Sometimes I wonder if the design industry—and particularly the digital space—has over-complicated things.
There are two critical dimensions to a service; end to end and front to back.
From end to end - All services comprise multiple moments that enable a user or customer to achieve their goals. The key to creating a compelling user experience is understanding the relationships between these moments digital and non-digital and designing across and between these moments.
From front to back - The concept of the front-stage and back-stage experience is well defined within the service design world. You can’t create exceptional service experience without looking at the process that delivers it.
In today’s world, the only logical approach is to start with the customer-facing service and its experience and then work inwards, engineering the optimal organisation to support the service. The role of the service organisation in the backstage is to support the service effectively, with its shape and structure built and adapted to suit. All too often the back-stage processes are overlooked, with new services built on top of dysfunctional organisations. But when back-stage organisational problems exist, they have front-stage consequences: poor service, customer frustration, and inconsistent channels. Streamlining back-stage processes is critical.

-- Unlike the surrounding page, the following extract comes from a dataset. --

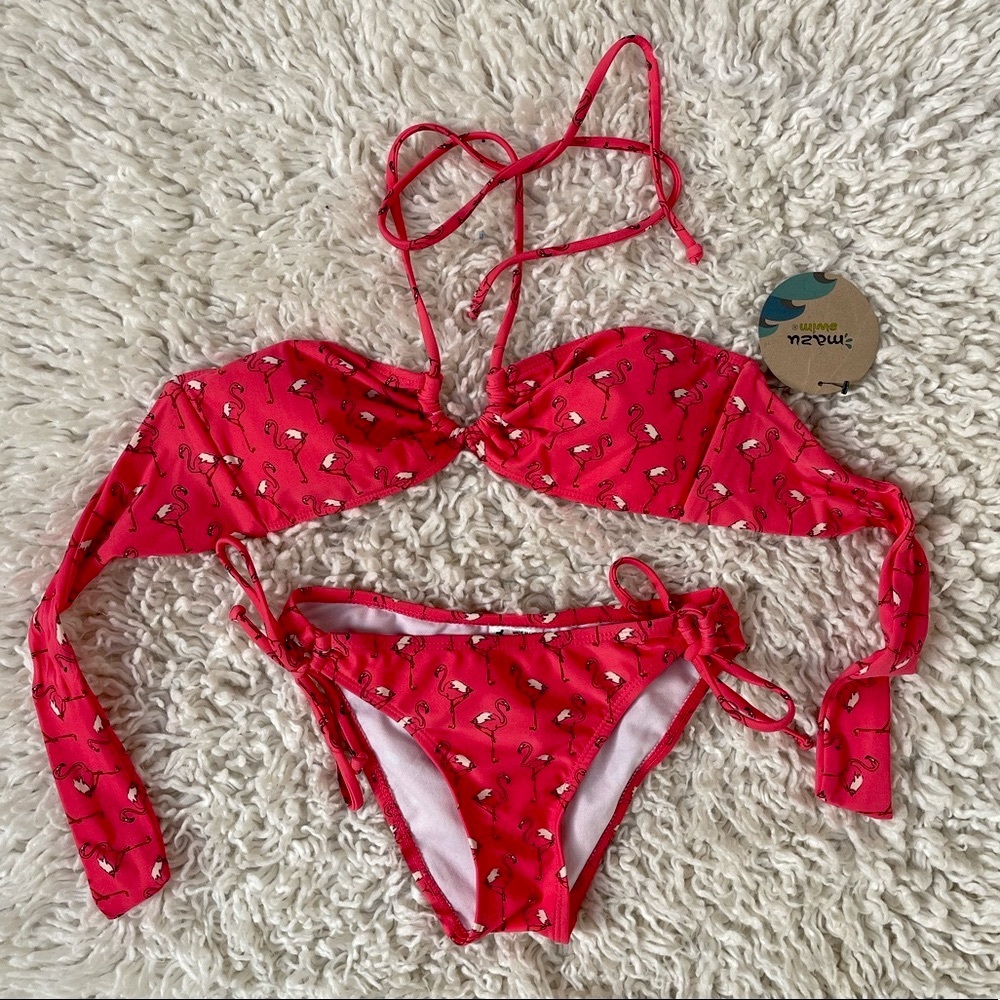 NWT Mazu Swim flamingo bikini top and bottom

Pushing the service dimensions
As a designer, regardless of your remit you are in a unique position to push against these dimensions, to not only ensure that all touchpoints are well connected but also to shape the service organisation that supports them.
When designing a specific moment, it’s absolutely critical not to lose sight of where this moment sits within the broader service:
- What is its role?
- What is its relationship with other touchpoints?

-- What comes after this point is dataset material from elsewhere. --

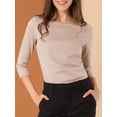 thumbnail image 6 of MODA NOVA Juniors Work Boat Neck 3/4 Sleeve Stretchy Knit Blouse S Pink, 6 of 7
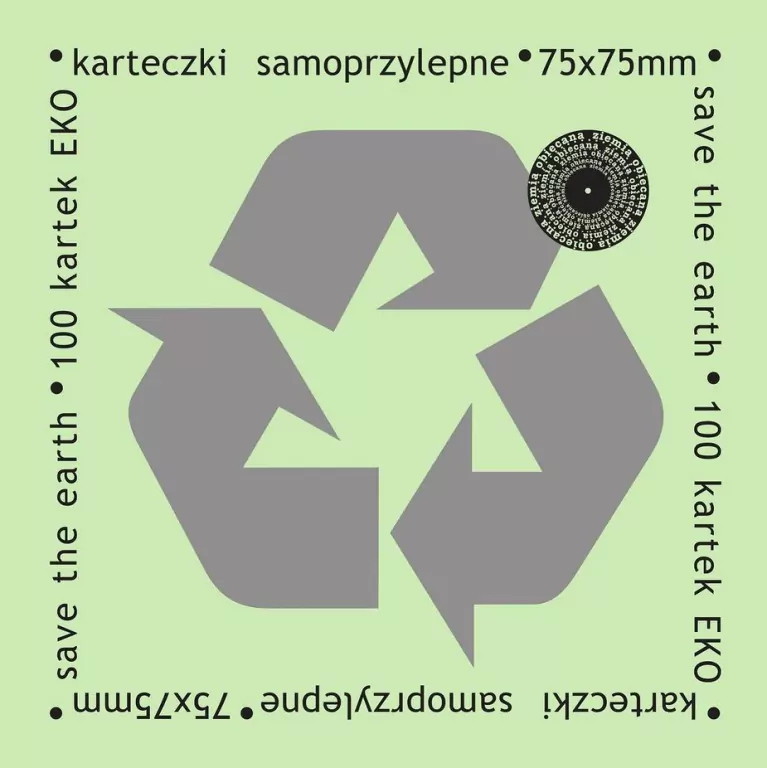 Karteczki samoprzylepne eko 75x75mm 100K zielone - tantis.pl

- How might your design decisions influence other moments?
- Where does the content come from and what are the workflows that create it?

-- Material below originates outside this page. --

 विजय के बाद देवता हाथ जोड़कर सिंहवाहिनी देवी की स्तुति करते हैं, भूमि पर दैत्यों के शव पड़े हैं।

We did just that at Clearleft on a recent project with Brighton and Hove City Council. We were helping a department called Cityclean who are responsible for rubbish, recycling and street cleaning in the city.
Initially, we were asked to look at the form that citizens use to report issues such as graffiti, fly-tipping and broken glass. There was a feeling in the council that the form was difficult to use and that it was putting people off. They weren’t wrong. But by asking the right probing questions, we began to identify a much bigger service opportunity that we really enjoyed tackling:
- Who will use this information?
- What decisions or action will be taken based on the information collected?
- How will issues be tracked and monitored?
So when you are designing anything, no matter how small or how broad, consider all dimensions. Even if you don’t initially have the remit, push to the outer edges by asking probing questions around context. Then quickly build momentum by visualising the opportunity and making it real.
Good luck everyone in pushing those dimensions.